As is well known, machine learning has made tremendous progress in language, image, and audio processing over the past decades. It is inevitable that the development of models in the field of medical molecular biology, perhaps one of the most complex systems, in the coming age. This is because the prediction of the structure and interaction of proteins, lipids, carbohydrates, and nucleic acids, which are the building blocks of living organisms, is directly related to the understanding of life phenomena and drug discovery. In fact, we saw a variety of approaches to drug discovery presentations at this conference. Audiences were constantly coming and going from these presentations, so we could see firsthand that this area is attracting a lot of attention.

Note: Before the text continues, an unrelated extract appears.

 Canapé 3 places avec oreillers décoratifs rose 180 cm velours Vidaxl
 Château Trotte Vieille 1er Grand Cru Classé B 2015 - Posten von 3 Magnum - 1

But there's a big challenge in these areas: The amount of reliable teacher data to use as training for machine learning is very limited. As is the cornerstone of AlphaFold, there is virtually only one publicly available database, which is on the PDB website, for protein conformation prediction models. Besides, when wild-type proteins cannot be crystallized, they are often artificially mutated for conformational analysis. And the data set is not easily expandable in the near future because 3D structural analysis is quite expensive, time-consuming, and requires a high level of technical expertise. The field of medical molecular biology is much more complicated than the fields of physics and biochemistry, and the reproducibility of data is relatively low. Some multiple molecules will only interact in a normal way if they are properly integrated. Therefore, it is extremely difficult to obtain not only the presence or absence of interactions between different molecules, but also their strength as absolute objective values. However, I think there is plenty of room to develop research methods, such as building experimental systems for use in machine learning. Machine learning researchers continue to produce great theories and ideas that allow us to develop useful models with little real-world data. I am convinced that there will be more major technological innovations as the two fields literally come to understand and integrate with each other.

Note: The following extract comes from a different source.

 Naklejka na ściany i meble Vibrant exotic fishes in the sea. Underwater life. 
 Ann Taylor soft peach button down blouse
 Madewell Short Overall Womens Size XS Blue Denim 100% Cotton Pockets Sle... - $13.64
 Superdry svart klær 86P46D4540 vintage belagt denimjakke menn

At NeurIPS 2023, we presented a data set of interactions of various antibodies with a specific target molecule (antigen) called IL-6 protein. Importantly, our data generation methodology can apply to any target molecule and will serve as a fundamental technology to build a comprehensive database of antigen-antibody interactions against a wide range of antigens in the future. In the future, we hope to publish research results on even more impactful datasets. We will continue our research with the goal of presenting our results at NeurIPS 2024 in Vancouver next year.